Andréa Fanzeres, of the Operação Amazônia Nativa (OPAN), an NGO that works with indigenous groups, organized the October gathering. She told Mongabay that OPAN had deliberately chosen to hold the event in this square: “All the people who took part in the festival live here. They are people who have been made invisible, people who suffer prejudice, people excluded from urban life. It was really daring of us to bring these people to a public square, to a square called the Square of the Colonizers.”
The ongoing struggle to survive
The “history that began” alluded to on the Juara monument plaque is a story of Brazilian expropriation and exclusion that intensified thousands of miles to the south during the country’s infamous dictatorship period, lasting from 1964 to 1985. Zé Paraná and the Real Estate Society of the Amazon Basin were beneficiaries of the military government’s so-called land colonization program — created to provide “land for the landless” people living in the south by settling them in the Amazon.
The military government launched initiatives to encourage large companies to set up cattle ranches and colonization programs along the Transmazônica highway.

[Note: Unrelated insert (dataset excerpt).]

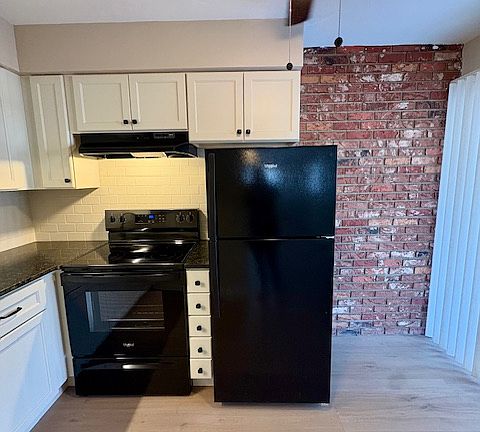 3rd image of 149 New York Ave APT B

It also divvied up swathes of land in the northern part of Mato Grosso state among just a few favored “owners’: Juara, for example, was given to Zé Paraná; Sinop to Énio Pipino; Alta Floresta to Ariosto da Riva; and so on.
These privileged “owners” in turn subdivided and sold small plots to peasant families who had been left landless in the south due to the government’s support for large-scale farming and its failure to carry out a national program of agrarian reform.
As the plaque inscription notes approvingly, those settlers “who began history” set about felling and burning the forest and planting crops. In the beginning, these colonizing families found everything hard — the alien climate, the soil infertility, lack of hospitals, and lack of government support. Many returned home but, as they say in the region, “the pig-headed remained”.